Speaking of COVID fatigue, it still feels like we have a ways to go before this is behind us. Imagine you’re in the future and you are able to tell the history of this pandemic. What stage would we be in now?
I don’t know if there really are stages, but personally, I agree with Dr. Fauci that we are at the second surge of the first wave. Many people are talking about a second wave, but the fact is we haven’t seen a period, globally or nationally, where the cases were down tremendously. So what does the future hold? We won’t get to a post-COVID phase until an effective vaccine has been developed, distributed and large numbers of people are taking it. Unfortunately, that is not going to happen until early next year, maybe March or maybe even July, as a best case scenario. And again, public cooperation will be absolutely essential. Even if you have a vaccine, if people don’t take it, then it’s useless. Herd immunity is only going to be established when we get 70 percent or more of the population vaccinated.
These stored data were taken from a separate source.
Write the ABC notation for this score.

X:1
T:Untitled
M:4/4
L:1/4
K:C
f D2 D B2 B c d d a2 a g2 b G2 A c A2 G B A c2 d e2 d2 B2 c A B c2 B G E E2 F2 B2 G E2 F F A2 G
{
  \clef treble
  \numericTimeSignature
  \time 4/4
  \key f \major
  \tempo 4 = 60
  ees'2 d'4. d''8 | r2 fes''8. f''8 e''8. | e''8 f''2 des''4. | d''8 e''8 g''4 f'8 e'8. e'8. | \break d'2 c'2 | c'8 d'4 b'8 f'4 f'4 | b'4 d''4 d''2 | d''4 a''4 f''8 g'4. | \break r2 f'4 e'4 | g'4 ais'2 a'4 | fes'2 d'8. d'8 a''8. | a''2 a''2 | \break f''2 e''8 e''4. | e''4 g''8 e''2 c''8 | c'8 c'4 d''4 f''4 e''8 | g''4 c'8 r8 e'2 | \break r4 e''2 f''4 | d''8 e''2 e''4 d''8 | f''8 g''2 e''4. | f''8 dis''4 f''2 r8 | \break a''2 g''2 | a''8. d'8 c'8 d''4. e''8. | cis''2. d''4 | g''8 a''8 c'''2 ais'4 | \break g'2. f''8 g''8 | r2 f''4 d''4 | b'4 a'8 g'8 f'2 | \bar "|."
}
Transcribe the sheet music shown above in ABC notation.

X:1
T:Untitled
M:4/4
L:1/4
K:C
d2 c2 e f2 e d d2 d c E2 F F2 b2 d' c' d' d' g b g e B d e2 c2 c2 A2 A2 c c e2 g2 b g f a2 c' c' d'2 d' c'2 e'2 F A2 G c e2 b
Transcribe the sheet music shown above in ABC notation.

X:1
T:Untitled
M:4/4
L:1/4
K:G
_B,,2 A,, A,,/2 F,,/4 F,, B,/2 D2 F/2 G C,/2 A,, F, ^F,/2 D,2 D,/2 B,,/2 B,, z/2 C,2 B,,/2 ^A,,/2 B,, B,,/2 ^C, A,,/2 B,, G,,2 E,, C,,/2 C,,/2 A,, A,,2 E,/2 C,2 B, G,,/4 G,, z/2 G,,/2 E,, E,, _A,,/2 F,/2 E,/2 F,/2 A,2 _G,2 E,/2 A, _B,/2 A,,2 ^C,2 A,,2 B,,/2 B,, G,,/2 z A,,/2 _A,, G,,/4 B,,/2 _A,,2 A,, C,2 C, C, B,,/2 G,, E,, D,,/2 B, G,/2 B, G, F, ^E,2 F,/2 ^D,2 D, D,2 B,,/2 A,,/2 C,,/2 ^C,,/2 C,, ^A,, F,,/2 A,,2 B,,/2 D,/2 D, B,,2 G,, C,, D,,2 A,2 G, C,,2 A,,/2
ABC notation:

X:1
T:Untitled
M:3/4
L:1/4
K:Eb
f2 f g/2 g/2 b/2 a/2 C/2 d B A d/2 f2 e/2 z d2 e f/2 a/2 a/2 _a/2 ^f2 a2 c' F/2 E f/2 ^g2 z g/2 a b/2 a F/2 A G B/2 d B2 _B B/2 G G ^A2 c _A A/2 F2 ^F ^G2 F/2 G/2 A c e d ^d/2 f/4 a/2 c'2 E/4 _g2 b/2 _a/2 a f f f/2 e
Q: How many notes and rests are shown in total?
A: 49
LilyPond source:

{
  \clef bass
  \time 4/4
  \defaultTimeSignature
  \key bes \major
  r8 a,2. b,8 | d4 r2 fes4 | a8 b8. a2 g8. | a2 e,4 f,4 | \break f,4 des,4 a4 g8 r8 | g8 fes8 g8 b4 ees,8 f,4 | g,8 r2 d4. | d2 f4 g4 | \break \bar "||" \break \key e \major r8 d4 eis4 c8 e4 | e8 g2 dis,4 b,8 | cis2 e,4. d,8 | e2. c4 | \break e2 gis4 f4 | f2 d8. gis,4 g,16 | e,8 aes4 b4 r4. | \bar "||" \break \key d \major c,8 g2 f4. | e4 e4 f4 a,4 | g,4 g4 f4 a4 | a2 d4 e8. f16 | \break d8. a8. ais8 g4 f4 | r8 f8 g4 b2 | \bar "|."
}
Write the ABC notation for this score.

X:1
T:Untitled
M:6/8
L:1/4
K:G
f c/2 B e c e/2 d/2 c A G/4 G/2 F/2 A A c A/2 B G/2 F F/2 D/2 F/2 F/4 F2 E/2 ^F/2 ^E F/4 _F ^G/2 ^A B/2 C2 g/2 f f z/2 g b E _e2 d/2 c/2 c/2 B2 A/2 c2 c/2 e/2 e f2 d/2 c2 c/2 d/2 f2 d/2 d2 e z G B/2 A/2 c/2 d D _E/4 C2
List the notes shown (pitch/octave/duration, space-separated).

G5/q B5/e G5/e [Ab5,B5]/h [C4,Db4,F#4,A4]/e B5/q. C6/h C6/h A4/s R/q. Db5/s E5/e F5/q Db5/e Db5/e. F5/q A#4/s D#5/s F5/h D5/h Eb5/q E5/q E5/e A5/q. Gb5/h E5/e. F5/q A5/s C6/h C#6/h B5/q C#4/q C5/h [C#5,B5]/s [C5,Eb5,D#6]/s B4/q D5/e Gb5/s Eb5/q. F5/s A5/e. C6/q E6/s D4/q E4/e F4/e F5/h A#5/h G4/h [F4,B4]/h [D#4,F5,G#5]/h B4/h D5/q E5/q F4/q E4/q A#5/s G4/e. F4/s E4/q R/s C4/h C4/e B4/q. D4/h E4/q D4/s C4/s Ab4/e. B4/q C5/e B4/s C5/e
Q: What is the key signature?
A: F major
As you know, I teach Introduction to Public Health, and I posed a discussion question to the 100 or so students in my class. And I asked them, if there was a vaccine that was developed by November, as some officials have claimed is possible, would you take it or not? And it was fascinating that 95 of the students said they would not take it immediately, they would wait at least a year. So I think restoring the trust of the public in science and scientists will be our major task, and unfortunately, science has been politicized.
Absolutely, but it seems like public health departments are one place where the climate is less political. I’m thinking of the many interviews I’ve seen with public health officers, and whether they’re working in red or blue states or counties, they all seem to be putting out a very similar message.
I agree. There is politics in everything, let’s face it. But as a public health officer, you are very much a part of the community and you are really working with people. You’re not only putting orders in place, you’re executing the orders. So it becomes less political because you are able to see the very tangible value in what you do.